Bozoki and Fleck’s fine book is buttressed by David Jancsics’s narrower Sociology of Corruption: Patterns of Illegal Association in Hungary, another work that understands egregious corruption as integral to the regime. At the book’s start, Jancsics, a Hungarian-born sociologist at San Diego State University, makes a simple observation: that corruption in Hungary today is on a scale unthinkable in the Soviet era.
This is quite a claim—in the 1990s, one of the most repeated reasons for Central Europe’s disgust with the Soviet system was its prevalent corruption. But the author backs it up. Although graft is still despised in Hungary today, because most people don’t benefit from it, Jancsics makes the case that it has once again been accepted as the way things are done.
Since 2010, Jancsics writes, “the Fidesz regime has effected a radical transformation of grand corruption patterns … in which complex corrupt networks are professionally designed and managed by the very top of the political elite.” Networks dominated by members of Orban’s inner circle now control not only political institutions, but also the economy, and “uninterruptedly siphon off a huge amount of public resources from the government system.”

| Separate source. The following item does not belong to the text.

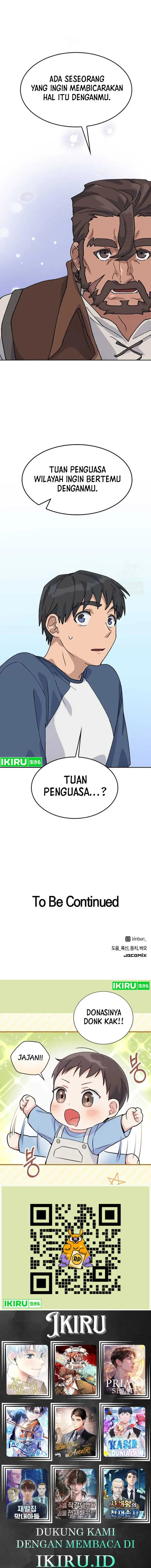 image-komik-healing-life-through-camping-in-another-world-chapter-37-19/20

These networks of Orban’s cronies and relatives are protected by a thick layer of shell companies that disguise the real owners of the businesses that profit from their proximity to government, Jancsics writes. And like the changes to Hungary’s political structure, the regime has fashioned laws to make its corruption legal.
Jancsics uses the example of the country’s $2.5 billion tobacco industry to illustrate this stripe of corruption. In 2012, the rubber-stamp Hungarian parliament passed a law that turned the sector into a state monopoly—purportedly to stop underage smoking—and decreed that all cigarette sales must occur under new concessions contracts. The government then created the national Tobacco Nonprofit Trade Company to oversee the distribution of new licenses. The company doled these out to members of networks close to the government. Two years later, another law passed stipulating that shops could only buy tobacco products from a state-owned intermediary. According to Jancsics, investigative journalists revealed that one person—Lorinc Meszaros, the then-mayor of Orban’s hometown—stood behind much of this scheme, which more than 500 shell companies helped obscure. Today, Meszaros is Hungary’s wealthiest man.

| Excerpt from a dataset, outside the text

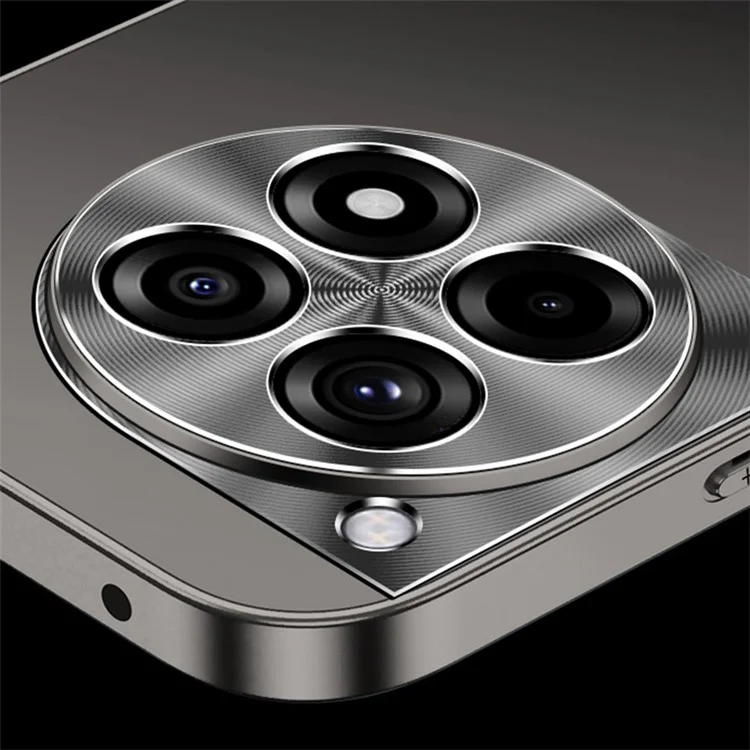 Sleek Aluminum Alloy Camera Protection Case - OnePlus - Image 9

The crumbs of this hugely lucrative operation trickled down to lower-level party clientele. “It seems the legislators used the restructuring and reregulation of the whole tobacco market not only for the benefit of a few powerful oligarchs or proxy oligarchs but also for rewarding a large number of party clientele,” Jancsics writes. “Family members, spouses, siblings, parents, in-laws, friends, or even neighbors of people linked to the governing party won several concessions.”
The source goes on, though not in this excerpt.